2. Create a Returns Drawer
I have a drawer in my house that is full of things to return to different people. Right now there are about 3 jumpers, a couple of Tupperware containers, some books and about half of everything my best mate owns. I used to have a pile of crap sitting next to the door but it made me so angry I had to create the returns drawer so I didn’t have to keep looking at the pile. The beauty about the returns drawer is that it’s usually filled with stuff from people who you see all the time because they’re the ones that are most likely to have left their stuff at your house. If I’m meeting a friend that I see regularly, I check the draw for their stuff and take it with me. Easy peasy. I’ve also been loaned lots of amazing baby stuff for our newborn girl and I have big Ikea bags that I’ve labelled so when I’m done using the thing the person lent me like newborn onesies or a breast pump – I can pop that thing in the bag for the person who lent it to me.
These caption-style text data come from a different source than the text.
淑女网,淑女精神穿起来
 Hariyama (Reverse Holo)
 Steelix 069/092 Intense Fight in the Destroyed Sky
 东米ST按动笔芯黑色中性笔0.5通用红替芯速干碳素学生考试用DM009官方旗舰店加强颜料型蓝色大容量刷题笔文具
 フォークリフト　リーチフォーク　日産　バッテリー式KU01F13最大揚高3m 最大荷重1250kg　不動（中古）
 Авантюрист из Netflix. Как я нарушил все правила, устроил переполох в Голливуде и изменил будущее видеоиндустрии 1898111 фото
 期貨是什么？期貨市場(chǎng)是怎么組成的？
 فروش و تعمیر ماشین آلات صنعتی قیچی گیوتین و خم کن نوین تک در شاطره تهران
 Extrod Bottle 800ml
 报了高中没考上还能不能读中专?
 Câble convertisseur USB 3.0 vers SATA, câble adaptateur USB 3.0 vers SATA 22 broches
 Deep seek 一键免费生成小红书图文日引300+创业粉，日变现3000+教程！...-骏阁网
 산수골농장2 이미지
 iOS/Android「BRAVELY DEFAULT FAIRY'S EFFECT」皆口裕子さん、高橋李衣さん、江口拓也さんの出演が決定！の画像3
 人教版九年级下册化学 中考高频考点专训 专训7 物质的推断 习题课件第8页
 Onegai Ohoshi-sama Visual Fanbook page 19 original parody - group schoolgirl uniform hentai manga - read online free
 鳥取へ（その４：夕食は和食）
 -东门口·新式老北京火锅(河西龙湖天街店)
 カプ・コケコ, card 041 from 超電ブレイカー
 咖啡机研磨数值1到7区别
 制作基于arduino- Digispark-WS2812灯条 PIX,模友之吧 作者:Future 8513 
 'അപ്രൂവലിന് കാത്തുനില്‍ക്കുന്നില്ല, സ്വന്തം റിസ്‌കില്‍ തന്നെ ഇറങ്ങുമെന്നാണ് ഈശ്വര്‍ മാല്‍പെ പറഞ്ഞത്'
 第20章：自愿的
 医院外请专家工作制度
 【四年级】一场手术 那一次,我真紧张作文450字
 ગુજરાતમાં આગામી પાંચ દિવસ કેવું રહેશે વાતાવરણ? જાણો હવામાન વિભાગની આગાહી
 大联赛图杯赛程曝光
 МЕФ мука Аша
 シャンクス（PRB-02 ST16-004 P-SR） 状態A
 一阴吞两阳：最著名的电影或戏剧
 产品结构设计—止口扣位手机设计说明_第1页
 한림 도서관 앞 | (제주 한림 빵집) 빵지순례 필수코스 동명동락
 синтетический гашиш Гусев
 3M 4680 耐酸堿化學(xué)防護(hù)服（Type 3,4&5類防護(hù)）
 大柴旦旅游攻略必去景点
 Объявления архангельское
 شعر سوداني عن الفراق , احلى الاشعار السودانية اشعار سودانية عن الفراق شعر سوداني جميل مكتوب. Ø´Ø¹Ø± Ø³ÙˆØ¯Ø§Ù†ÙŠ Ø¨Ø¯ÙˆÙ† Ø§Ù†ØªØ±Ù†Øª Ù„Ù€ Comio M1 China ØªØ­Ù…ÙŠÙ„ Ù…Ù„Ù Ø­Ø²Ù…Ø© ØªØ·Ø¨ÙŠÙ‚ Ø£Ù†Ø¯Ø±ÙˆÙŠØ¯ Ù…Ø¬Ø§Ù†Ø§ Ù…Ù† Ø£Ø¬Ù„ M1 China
3. Imagine there’s an invisible shit-repeller that is attached to your door
Well-meaning relatives and friends will often clear out their own cupboards and insist that the items they don’t want must immediately find a new forever home at your house. No matter how many times you refuse they will insist that you take the ‘perfectly good punch bowl’ and get some use out of it. My philosophy is that if I’ve refused an item three times and someone gives it to me anyway, I’ve earned the right to donate it on my way home. I have an invisible door shit repeller that doesn’t allow items like this to cross its path. For example 2 years worth of New Idea magazines that my friend’s mum palmed off on me? THOU SHALL NOT PASS! A super ugly, free-with-purchase vase that I tried to refuse as the pushy sales assistant shoved it into my bag? THOU SHALL NOT PASS! Treat items like this as the plague they are and remember the catchphrase… THOU SHALL NOT PASS!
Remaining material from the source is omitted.